### Exercise objective:
Review the listing and copy each line that holds the word "Sweatshirts".

### Material for the task:
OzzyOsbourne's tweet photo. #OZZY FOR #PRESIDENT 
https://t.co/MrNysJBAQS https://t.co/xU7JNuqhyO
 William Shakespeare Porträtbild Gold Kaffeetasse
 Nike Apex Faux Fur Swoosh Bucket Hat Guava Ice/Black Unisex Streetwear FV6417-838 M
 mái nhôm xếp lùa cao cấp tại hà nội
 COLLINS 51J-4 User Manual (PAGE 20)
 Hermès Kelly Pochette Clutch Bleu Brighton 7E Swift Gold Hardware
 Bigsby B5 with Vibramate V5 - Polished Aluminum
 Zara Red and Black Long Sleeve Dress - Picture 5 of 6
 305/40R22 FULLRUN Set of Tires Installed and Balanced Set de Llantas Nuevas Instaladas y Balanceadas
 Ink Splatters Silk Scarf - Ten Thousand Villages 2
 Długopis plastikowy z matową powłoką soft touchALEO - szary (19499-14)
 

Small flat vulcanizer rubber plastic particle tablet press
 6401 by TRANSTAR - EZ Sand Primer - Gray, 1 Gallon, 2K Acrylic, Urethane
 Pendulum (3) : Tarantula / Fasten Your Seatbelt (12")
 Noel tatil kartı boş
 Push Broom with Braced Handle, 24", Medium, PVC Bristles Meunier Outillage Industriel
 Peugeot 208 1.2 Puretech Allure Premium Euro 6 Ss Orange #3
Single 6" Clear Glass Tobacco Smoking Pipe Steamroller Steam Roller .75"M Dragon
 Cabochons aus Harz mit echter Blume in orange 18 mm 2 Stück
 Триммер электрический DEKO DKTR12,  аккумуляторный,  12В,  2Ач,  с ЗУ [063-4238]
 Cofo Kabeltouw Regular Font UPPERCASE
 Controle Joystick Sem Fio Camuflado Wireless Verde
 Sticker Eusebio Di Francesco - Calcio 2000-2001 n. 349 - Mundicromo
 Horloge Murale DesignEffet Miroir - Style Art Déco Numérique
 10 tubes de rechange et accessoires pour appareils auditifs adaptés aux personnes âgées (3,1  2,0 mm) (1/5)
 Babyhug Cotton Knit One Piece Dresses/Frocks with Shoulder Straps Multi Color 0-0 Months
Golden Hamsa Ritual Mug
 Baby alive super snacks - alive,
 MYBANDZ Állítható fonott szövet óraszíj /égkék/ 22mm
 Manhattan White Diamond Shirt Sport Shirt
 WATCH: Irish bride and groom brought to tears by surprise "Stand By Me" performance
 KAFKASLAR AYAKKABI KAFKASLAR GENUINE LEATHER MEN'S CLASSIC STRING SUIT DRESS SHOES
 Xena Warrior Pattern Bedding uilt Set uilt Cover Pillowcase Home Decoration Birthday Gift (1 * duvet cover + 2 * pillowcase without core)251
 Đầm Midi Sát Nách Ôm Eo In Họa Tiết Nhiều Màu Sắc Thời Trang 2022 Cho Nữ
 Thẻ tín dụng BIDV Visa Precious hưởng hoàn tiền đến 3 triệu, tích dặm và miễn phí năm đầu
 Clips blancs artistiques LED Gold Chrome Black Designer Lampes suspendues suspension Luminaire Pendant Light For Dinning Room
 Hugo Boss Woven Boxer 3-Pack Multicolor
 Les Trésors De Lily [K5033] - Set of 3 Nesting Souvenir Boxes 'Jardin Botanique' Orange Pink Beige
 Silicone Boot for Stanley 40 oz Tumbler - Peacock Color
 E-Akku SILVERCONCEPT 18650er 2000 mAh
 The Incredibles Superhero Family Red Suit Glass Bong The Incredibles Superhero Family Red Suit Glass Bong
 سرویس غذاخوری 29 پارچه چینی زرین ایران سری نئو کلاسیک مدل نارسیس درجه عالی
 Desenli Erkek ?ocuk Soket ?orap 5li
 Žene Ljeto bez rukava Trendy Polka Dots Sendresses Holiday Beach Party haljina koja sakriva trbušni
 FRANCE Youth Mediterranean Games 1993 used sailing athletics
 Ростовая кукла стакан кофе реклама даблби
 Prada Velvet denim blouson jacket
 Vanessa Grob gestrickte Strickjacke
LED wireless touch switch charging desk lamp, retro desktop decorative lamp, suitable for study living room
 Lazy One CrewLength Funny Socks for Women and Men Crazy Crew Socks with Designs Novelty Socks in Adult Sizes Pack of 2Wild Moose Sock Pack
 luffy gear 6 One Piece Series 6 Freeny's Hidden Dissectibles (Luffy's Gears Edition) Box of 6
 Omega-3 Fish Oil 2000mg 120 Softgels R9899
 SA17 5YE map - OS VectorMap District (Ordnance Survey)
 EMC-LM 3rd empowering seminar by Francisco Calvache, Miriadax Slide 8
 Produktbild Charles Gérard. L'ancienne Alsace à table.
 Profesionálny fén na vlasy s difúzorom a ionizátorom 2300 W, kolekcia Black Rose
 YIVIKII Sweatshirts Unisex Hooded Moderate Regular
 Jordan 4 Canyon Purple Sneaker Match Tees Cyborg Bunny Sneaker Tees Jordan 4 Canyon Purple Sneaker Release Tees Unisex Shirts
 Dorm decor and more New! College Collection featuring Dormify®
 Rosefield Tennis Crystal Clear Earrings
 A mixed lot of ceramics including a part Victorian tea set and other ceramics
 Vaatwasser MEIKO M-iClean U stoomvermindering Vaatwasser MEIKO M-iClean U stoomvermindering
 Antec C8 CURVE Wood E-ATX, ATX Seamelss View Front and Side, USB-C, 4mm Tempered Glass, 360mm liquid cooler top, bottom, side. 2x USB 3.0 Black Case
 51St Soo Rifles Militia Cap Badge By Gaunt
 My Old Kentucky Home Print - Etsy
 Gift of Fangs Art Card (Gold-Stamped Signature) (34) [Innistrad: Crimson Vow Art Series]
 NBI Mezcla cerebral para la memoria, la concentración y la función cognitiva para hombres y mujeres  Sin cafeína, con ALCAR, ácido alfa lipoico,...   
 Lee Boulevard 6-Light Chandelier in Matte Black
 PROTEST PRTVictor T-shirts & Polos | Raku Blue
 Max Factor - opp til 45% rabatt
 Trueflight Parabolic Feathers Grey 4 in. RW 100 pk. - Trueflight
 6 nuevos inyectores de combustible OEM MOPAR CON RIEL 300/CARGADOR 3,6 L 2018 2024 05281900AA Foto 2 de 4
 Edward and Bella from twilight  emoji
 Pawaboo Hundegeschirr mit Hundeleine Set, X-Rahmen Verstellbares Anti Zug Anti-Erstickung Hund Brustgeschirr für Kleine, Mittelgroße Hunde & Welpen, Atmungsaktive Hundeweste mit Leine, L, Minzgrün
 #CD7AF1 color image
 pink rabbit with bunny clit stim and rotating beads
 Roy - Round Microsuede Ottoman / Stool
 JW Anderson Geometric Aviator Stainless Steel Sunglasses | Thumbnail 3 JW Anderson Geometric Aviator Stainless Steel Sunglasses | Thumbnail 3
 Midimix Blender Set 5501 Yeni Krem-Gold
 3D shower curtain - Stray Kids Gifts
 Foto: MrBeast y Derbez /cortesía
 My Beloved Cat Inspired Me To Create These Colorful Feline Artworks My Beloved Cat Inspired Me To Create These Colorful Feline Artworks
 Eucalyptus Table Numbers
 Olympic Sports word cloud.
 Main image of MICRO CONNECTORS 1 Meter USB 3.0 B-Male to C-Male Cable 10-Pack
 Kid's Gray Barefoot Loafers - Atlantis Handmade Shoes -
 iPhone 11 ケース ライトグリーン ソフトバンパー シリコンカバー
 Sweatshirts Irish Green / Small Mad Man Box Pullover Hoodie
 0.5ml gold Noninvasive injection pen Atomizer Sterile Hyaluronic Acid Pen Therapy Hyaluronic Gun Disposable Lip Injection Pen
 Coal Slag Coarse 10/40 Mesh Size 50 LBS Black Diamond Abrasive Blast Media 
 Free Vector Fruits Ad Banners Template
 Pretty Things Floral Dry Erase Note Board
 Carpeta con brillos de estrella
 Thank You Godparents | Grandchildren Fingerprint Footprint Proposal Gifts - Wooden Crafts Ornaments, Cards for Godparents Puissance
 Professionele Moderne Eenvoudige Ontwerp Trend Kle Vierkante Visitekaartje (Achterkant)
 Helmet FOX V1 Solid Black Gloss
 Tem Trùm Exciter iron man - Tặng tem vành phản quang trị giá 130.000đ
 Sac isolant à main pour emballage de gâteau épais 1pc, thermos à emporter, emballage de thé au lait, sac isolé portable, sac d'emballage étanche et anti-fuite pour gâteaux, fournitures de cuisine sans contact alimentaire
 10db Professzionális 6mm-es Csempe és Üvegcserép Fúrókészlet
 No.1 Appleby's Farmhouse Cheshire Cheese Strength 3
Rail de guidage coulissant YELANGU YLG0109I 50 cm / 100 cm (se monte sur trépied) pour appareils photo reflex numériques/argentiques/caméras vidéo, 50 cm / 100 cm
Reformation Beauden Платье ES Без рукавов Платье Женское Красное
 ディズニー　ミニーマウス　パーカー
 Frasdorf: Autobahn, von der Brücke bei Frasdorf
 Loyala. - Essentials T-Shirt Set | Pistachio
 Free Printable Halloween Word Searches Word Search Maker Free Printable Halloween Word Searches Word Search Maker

### Exercise output:
 YIVIKII Sweatshirts Unisex Hooded Moderate Regular
 Sweatshirts Irish Green / Small Mad Man Box Pullover Hoodie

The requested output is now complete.